» **Required action**:
The expected output is the data below, character for character, without its pictures.

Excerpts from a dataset
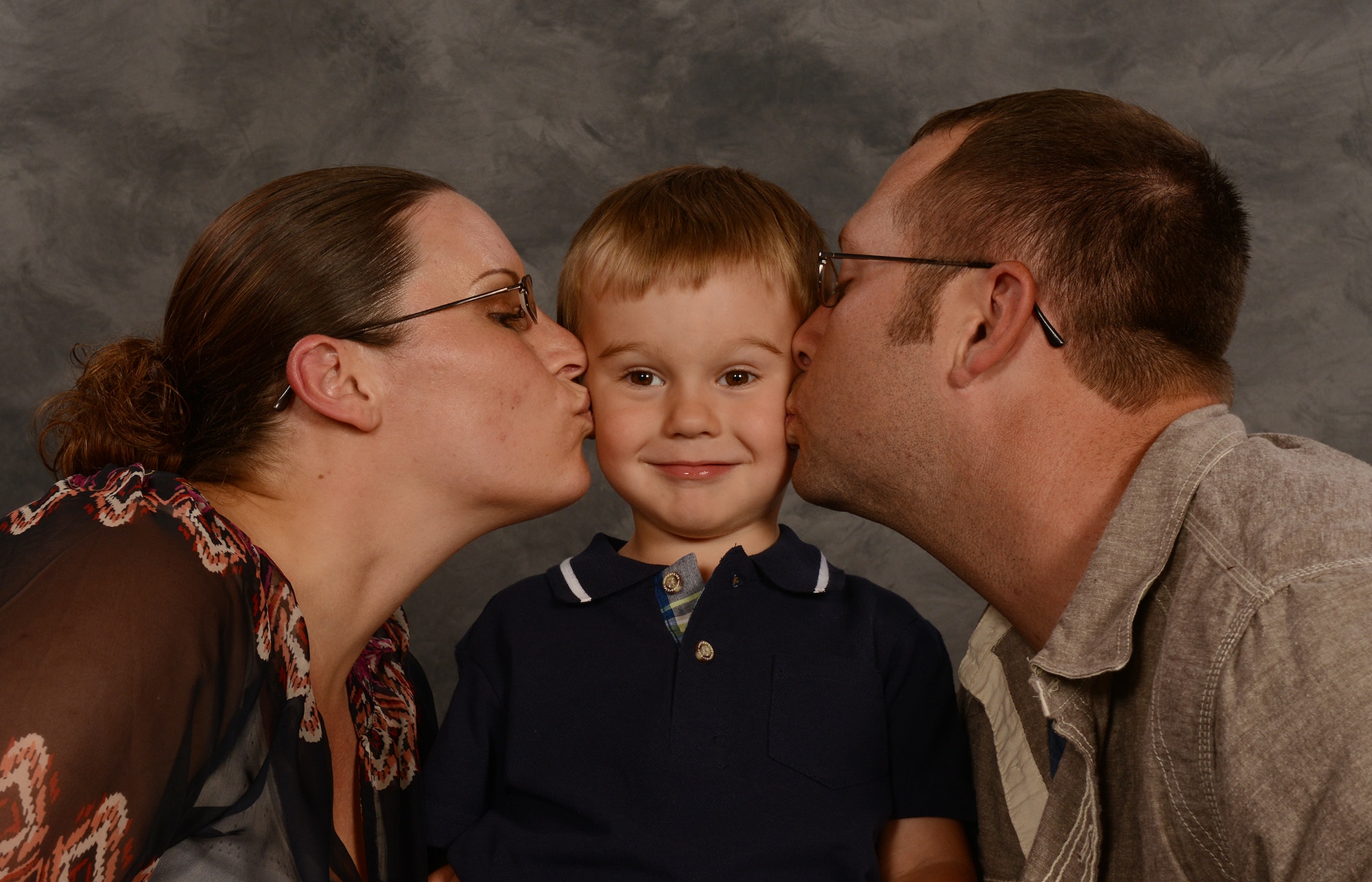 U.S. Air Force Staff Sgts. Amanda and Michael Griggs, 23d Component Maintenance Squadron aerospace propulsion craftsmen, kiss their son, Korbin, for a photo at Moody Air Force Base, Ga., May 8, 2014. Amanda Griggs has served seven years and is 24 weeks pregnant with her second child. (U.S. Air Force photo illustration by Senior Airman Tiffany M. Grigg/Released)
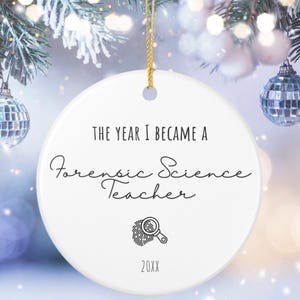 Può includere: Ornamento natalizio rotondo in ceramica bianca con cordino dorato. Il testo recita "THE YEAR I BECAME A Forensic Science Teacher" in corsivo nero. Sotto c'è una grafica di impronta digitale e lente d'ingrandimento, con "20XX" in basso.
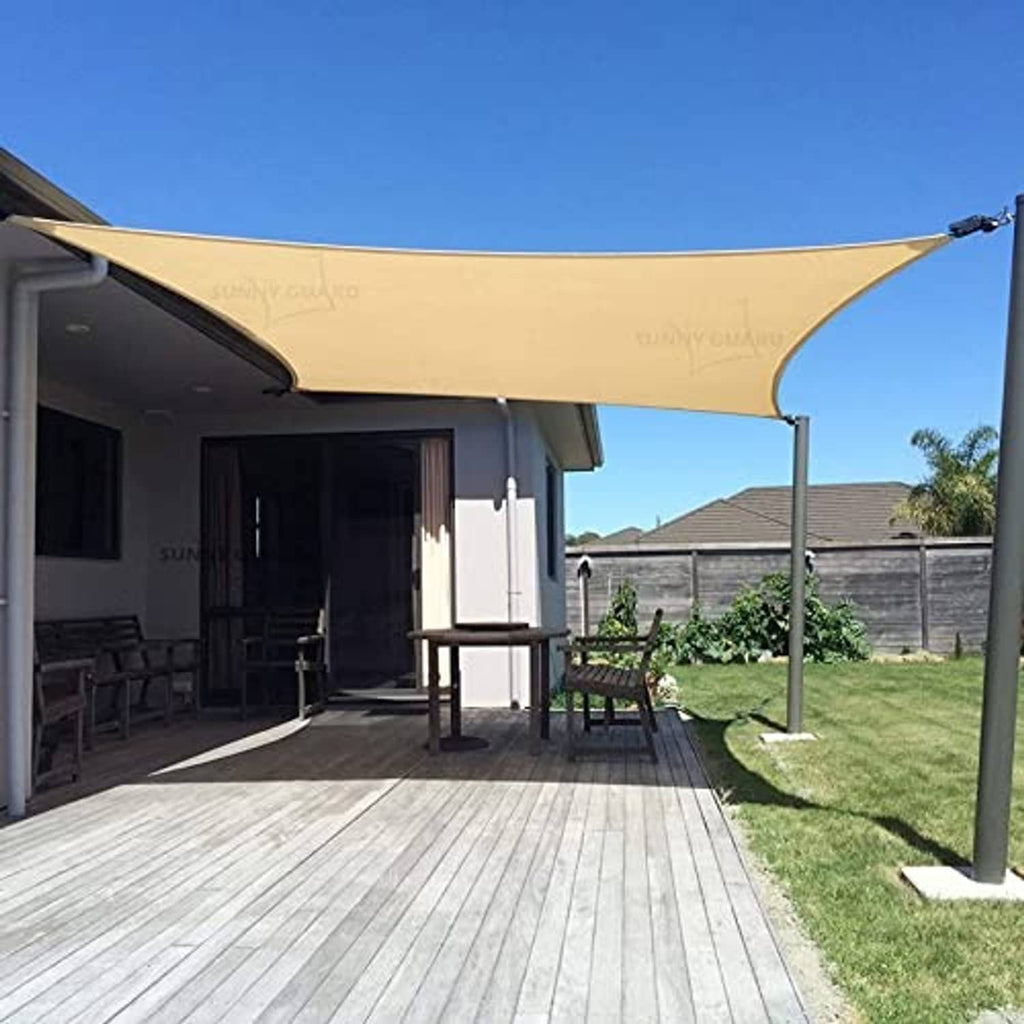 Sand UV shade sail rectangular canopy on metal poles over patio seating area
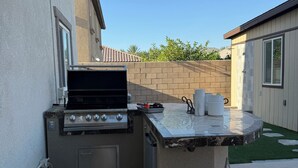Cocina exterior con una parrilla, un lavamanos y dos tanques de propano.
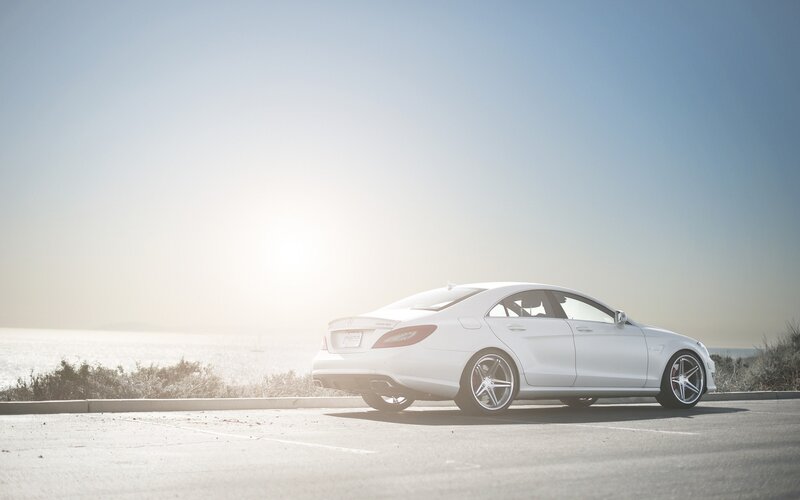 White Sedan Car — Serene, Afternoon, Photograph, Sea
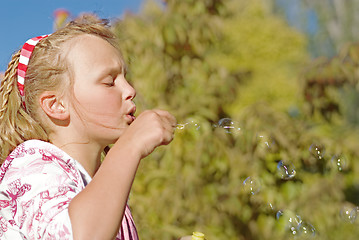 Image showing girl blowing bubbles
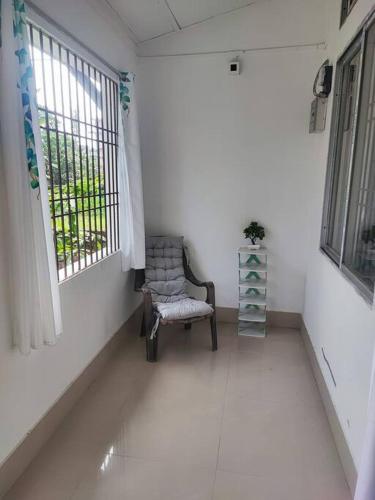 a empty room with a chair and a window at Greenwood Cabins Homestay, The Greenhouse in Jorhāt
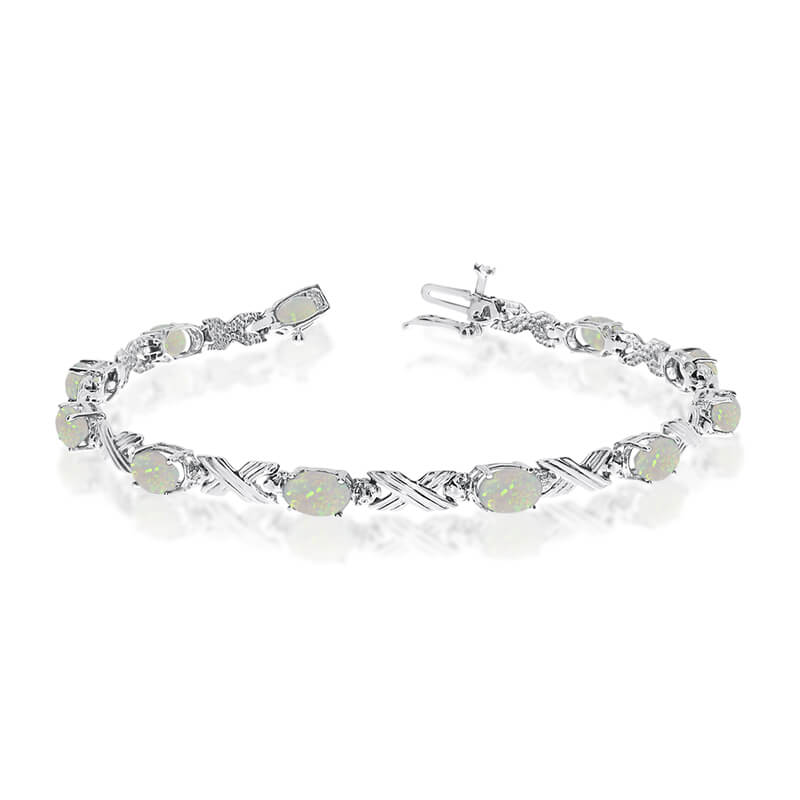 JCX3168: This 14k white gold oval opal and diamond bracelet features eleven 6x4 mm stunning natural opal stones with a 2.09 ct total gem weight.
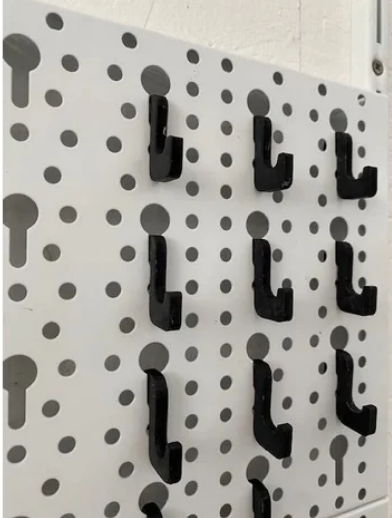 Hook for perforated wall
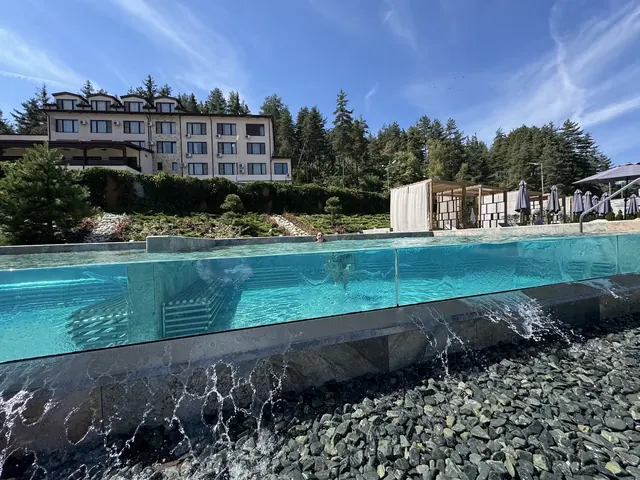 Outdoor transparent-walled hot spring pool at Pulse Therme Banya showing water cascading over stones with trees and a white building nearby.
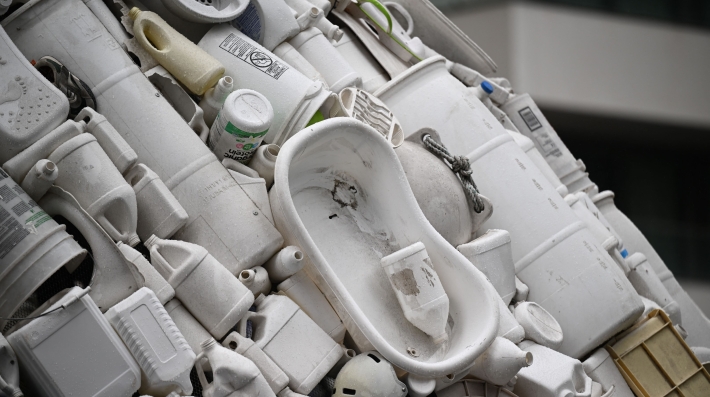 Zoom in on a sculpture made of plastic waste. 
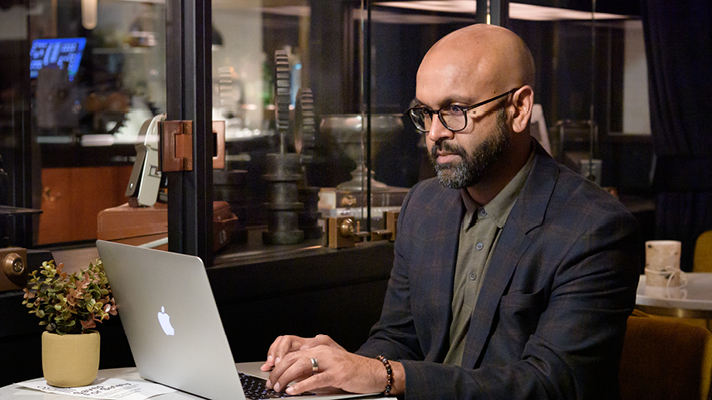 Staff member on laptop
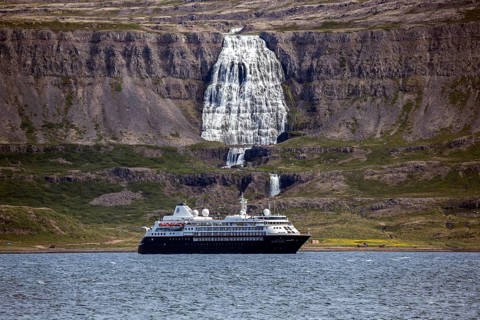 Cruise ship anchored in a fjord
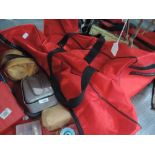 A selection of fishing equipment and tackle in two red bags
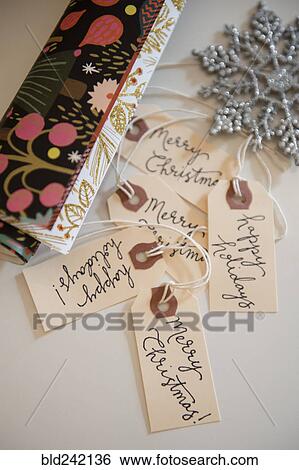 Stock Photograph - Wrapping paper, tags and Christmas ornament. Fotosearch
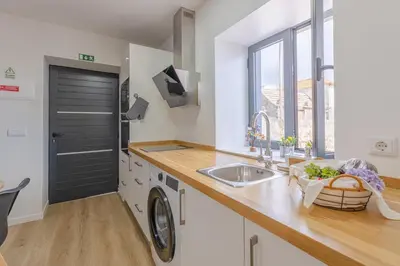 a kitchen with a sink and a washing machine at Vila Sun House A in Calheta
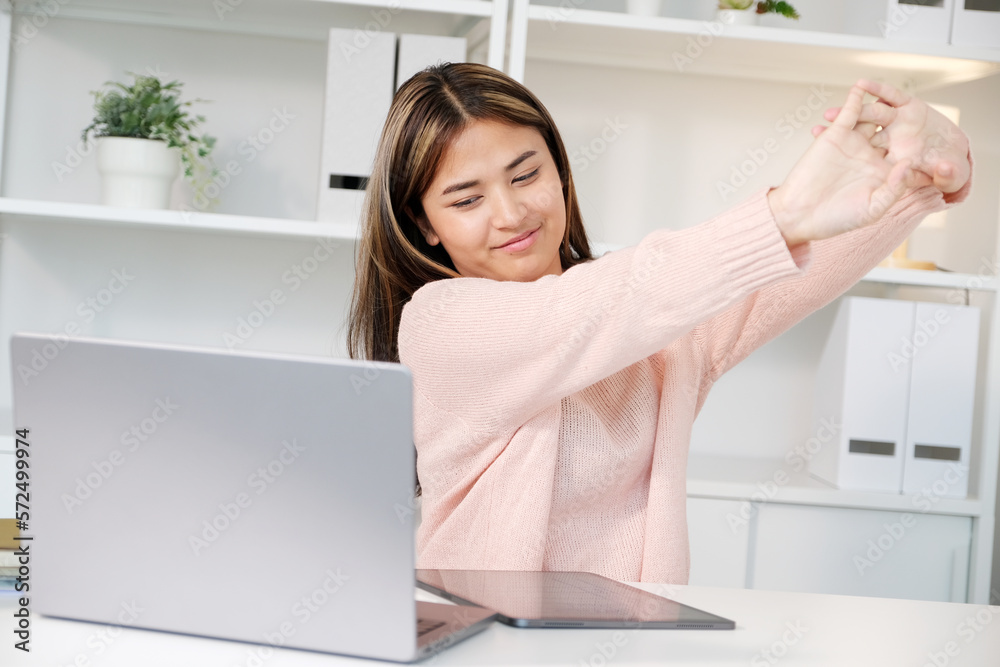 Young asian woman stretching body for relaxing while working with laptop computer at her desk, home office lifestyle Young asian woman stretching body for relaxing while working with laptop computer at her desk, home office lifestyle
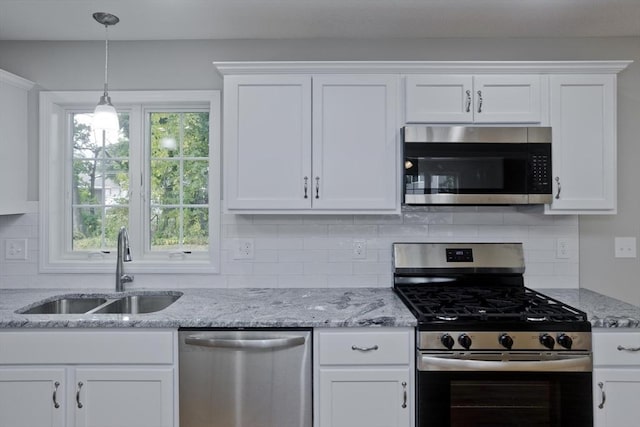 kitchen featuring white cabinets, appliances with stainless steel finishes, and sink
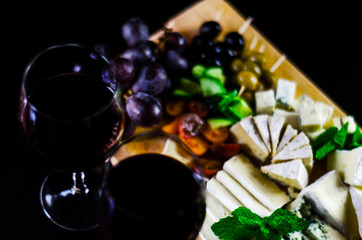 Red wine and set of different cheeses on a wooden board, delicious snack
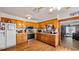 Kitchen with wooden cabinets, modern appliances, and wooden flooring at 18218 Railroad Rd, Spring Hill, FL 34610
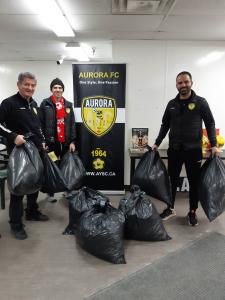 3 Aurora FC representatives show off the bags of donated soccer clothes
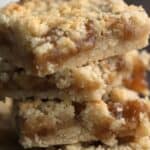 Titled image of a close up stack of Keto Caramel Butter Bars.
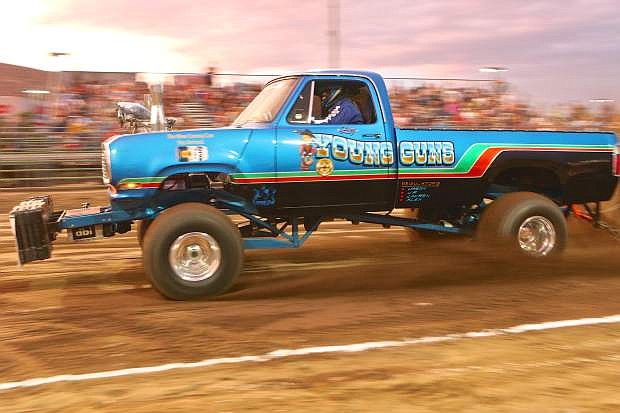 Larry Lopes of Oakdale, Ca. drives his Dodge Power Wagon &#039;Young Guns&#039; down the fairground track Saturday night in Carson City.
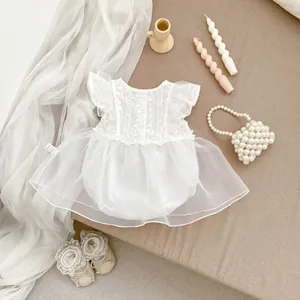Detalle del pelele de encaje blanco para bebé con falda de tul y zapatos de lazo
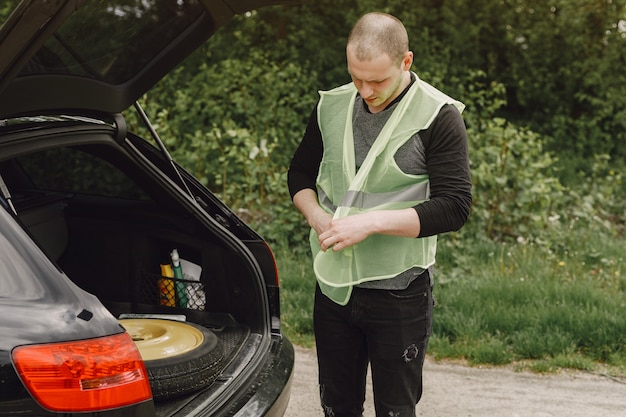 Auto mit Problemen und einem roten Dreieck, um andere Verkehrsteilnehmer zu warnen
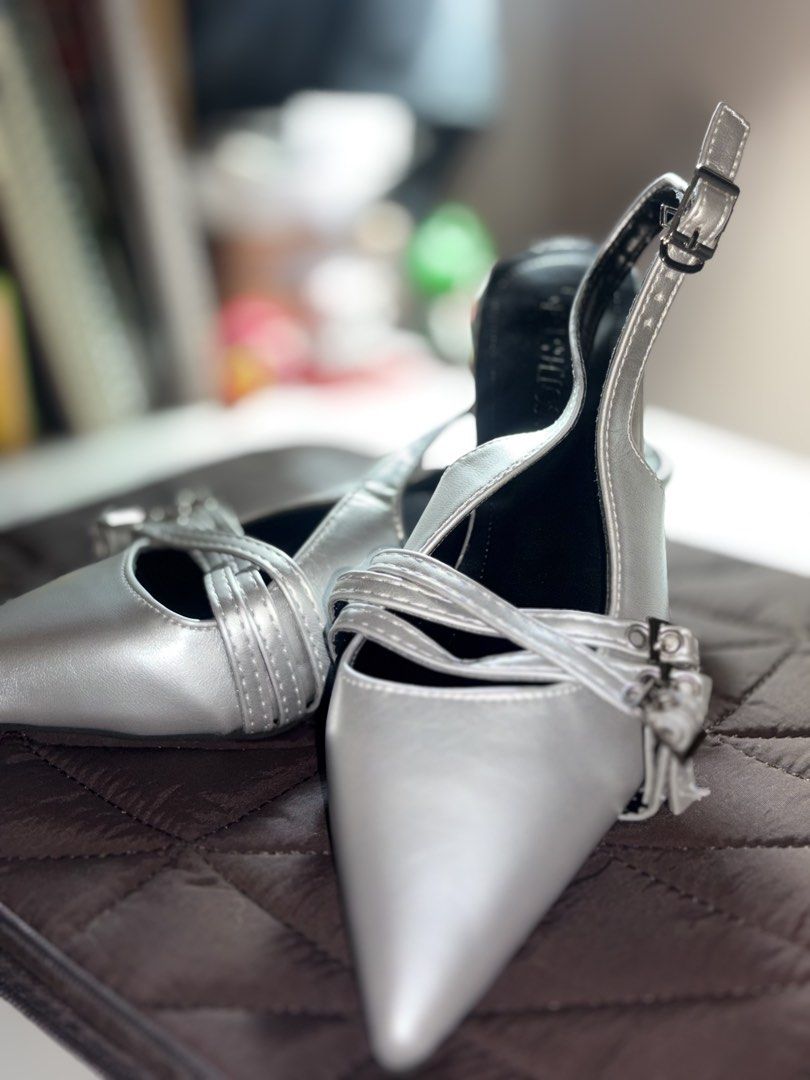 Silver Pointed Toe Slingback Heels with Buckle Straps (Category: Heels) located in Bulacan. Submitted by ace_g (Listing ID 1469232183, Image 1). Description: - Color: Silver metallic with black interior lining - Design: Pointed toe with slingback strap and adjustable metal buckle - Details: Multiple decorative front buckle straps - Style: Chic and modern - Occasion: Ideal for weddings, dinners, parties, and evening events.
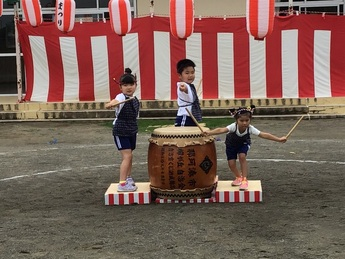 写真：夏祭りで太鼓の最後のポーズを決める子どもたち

» **The completed task**:
 U.S. Air Force Staff Sgts. Amanda and Michael Griggs, 23d Component Maintenance Squadron aerospace propulsion craftsmen, kiss their son, Korbin, for a photo at Moody Air Force Base, Ga., May 8, 2014. Amanda Griggs has served seven years and is 24 weeks pregnant with her second child. (U.S. Air Force photo illustration by Senior Airman Tiffany M. Grigg/Released)
 Può includere: Ornamento natalizio rotondo in ceramica bianca con cordino dorato. Il testo recita "THE YEAR I BECAME A Forensic Science Teacher" in corsivo nero. Sotto c'è una grafica di impronta digitale e lente d'ingrandimento, con "20XX" in basso.
 Sand UV shade sail rectangular canopy on metal poles over patio seating area
Cocina exterior con una parrilla, un lavamanos y dos tanques de propano.
 White Sedan Car — Serene, Afternoon, Photograph, Sea
 Image showing girl blowing bubbles
 a empty room with a chair and a window at Greenwood Cabins Homestay, The Greenhouse in Jorhāt
 JCX3168: This 14k white gold oval opal and diamond bracelet features eleven 6x4 mm stunning natural opal stones with a 2.09 ct total gem weight.
 Hook for perforated wall
 Outdoor transparent-walled hot spring pool at Pulse Therme Banya showing water cascading over stones with trees and a white building nearby.
 Zoom in on a sculpture made of plastic waste. 
 Staff member on laptop
 Cruise ship anchored in a fjord
 A selection of fishing equipment and tackle in two red bags
 Stock Photograph - Wrapping paper, tags and Christmas ornament. Fotosearch
 a kitchen with a sink and a washing machine at Vila Sun House A in Calheta
 Young asian woman stretching body for relaxing while working with laptop computer at her desk, home office lifestyle Young asian woman stretching body for relaxing while working with laptop computer at her desk, home office lifestyle
 kitchen featuring white cabinets, appliances with stainless steel finishes, and sink
 Red wine and set of different cheeses on a wooden board, delicious snack
 Kitchen with wooden cabinets, modern appliances, and wooden flooring at 18218 Railroad Rd, Spring Hill, FL 34610
 3 Aurora FC representatives show off the bags of donated soccer clothes
 Titled image of a close up stack of Keto Caramel Butter Bars.
 Larry Lopes of Oakdale, Ca. drives his Dodge Power Wagon &#039;Young Guns&#039; down the fairground track Saturday night in Carson City.
Detalle del pelele de encaje blanco para bebé con falda de tul y zapatos de lazo
 Auto mit Problemen und einem roten Dreieck, um andere Verkehrsteilnehmer zu warnen
 Silver Pointed Toe Slingback Heels with Buckle Straps (Category: Heels) located in Bulacan. Submitted by ace_g (Listing ID 1469232183, Image 1). Description: - Color: Silver metallic with black interior lining - Design: Pointed toe with slingback strap and adjustable metal buckle - Details: Multiple decorative front buckle straps - Style: Chic and modern - Occasion: Ideal for weddings, dinners, parties, and evening events.
 写真：夏祭りで太鼓の最後のポーズを決める子どもたち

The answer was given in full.